Scraped caption text data
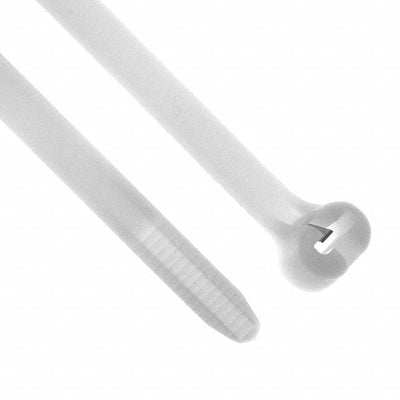 BT4S-C by Panduit Corp - CABLE TIE LOCKING NAT 50LBS 1.26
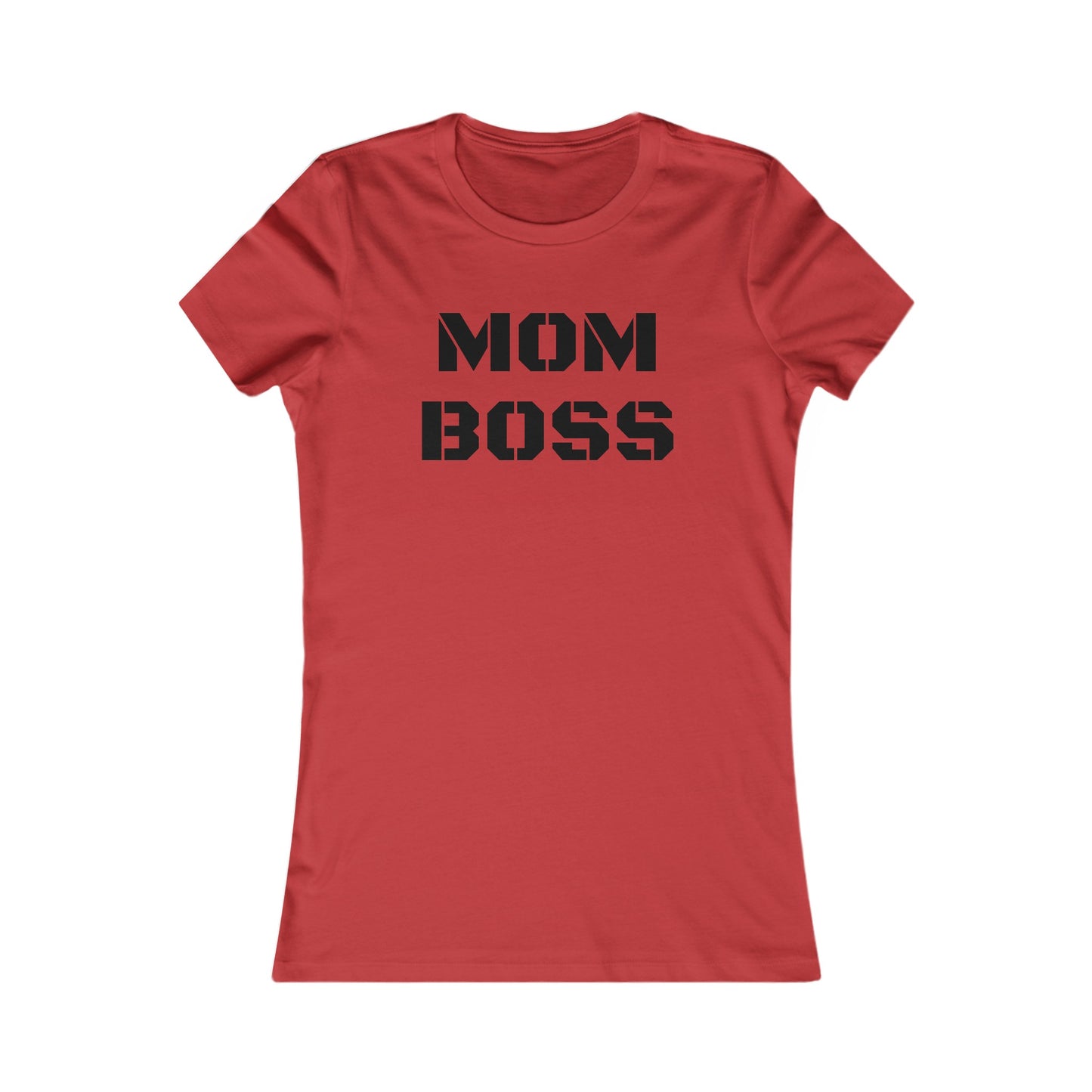 Women's BOSS MOM Tee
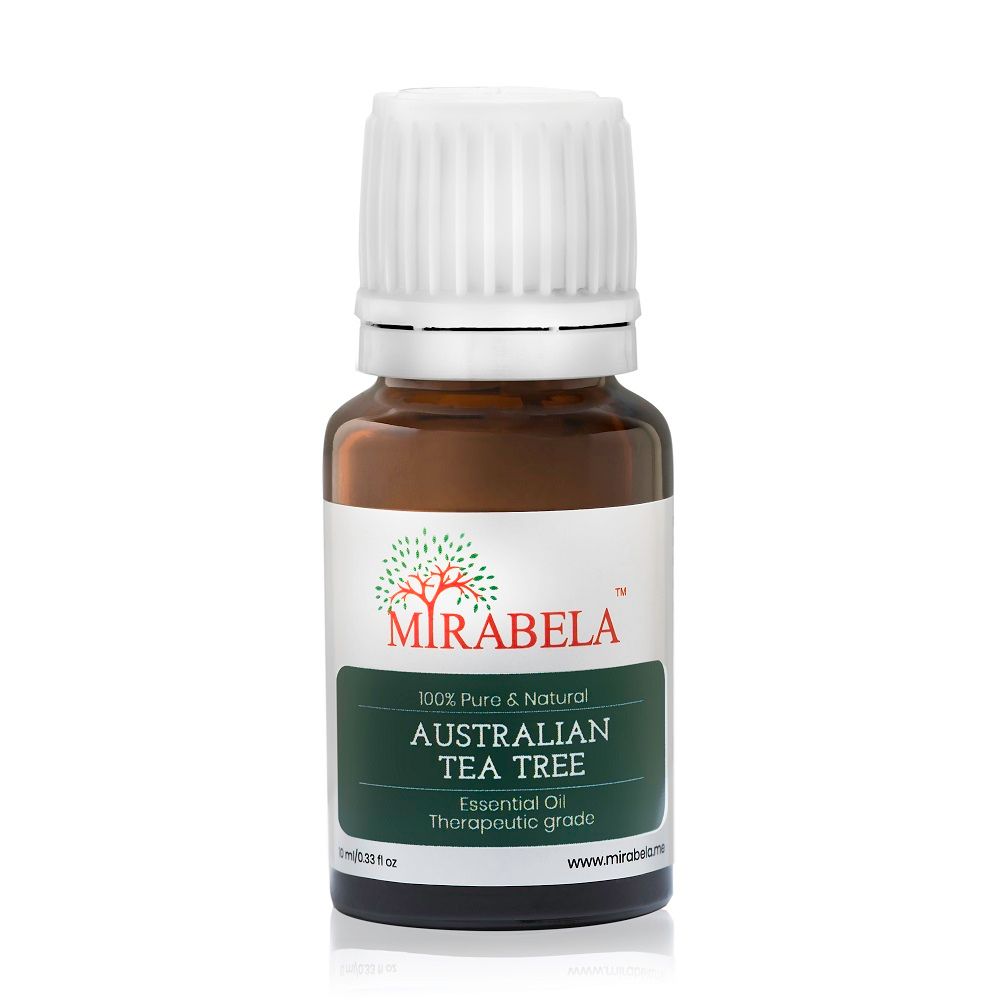 
                  
                    Mirabela Tea Tree Essential Oil (10ml)
                  
                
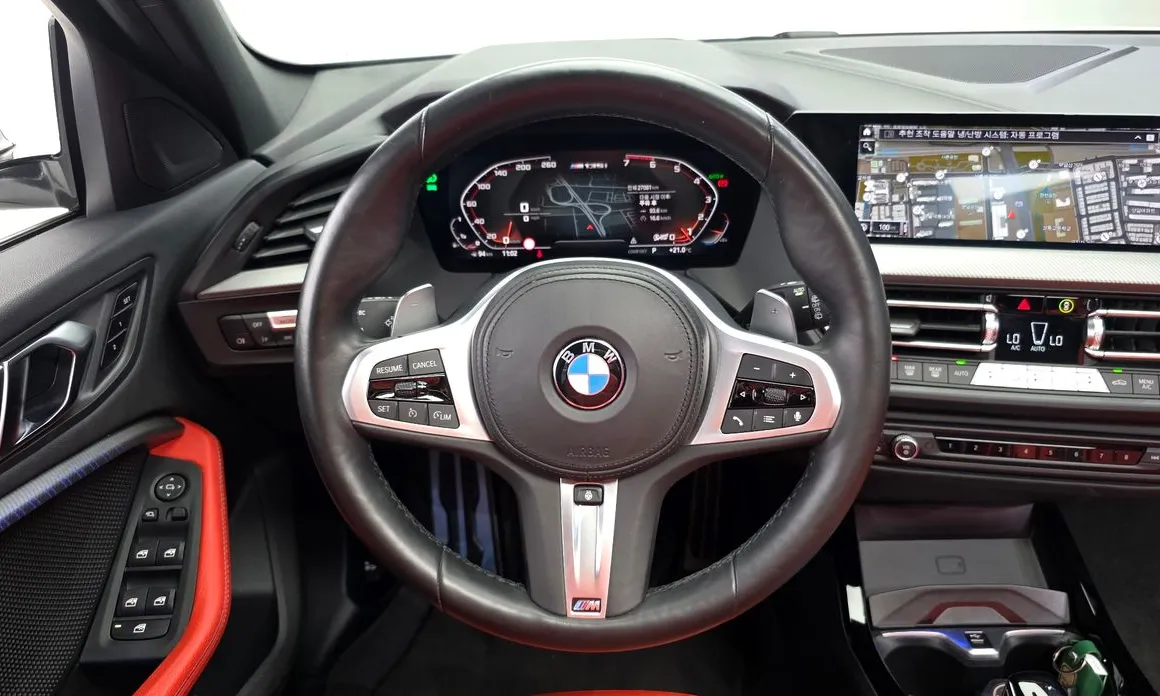 BMW 1-Series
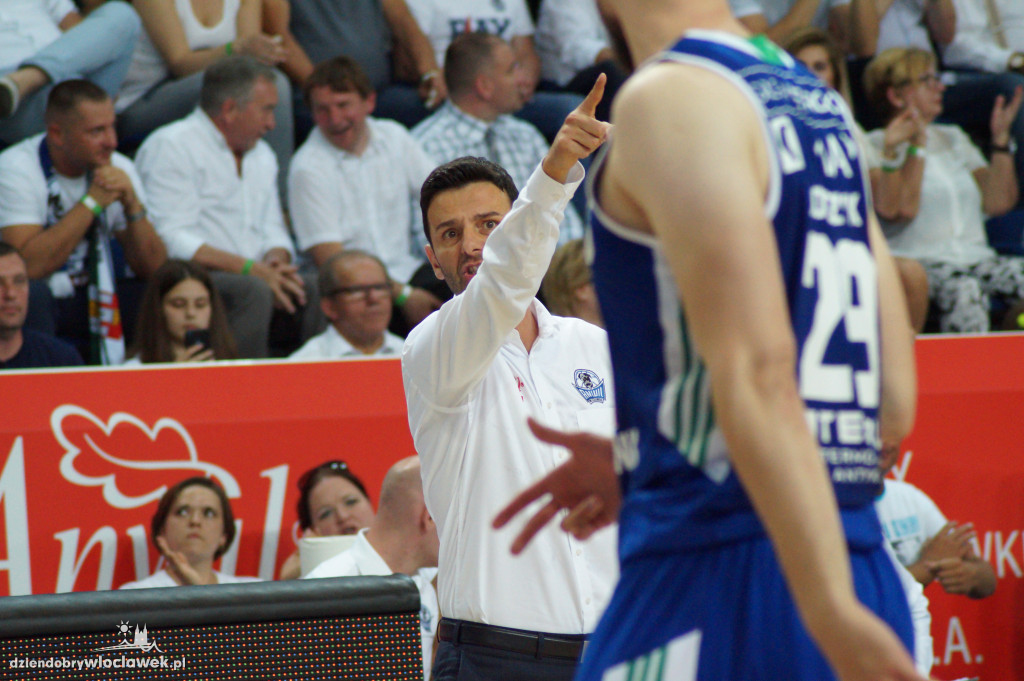 Drugi mecz finału EBL w Hali Mistrzów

**What you need to do**
When copying the entries, drop the images and keep every line exact.

**Written response**
 BT4S-C by Panduit Corp - CABLE TIE LOCKING NAT 50LBS 1.26
 Women's BOSS MOM Tee
                  
                    Mirabela Tea Tree Essential Oil (10ml)
                  
                
 BMW 1-Series
 Drugi mecz finału EBL w Hali Mistrzów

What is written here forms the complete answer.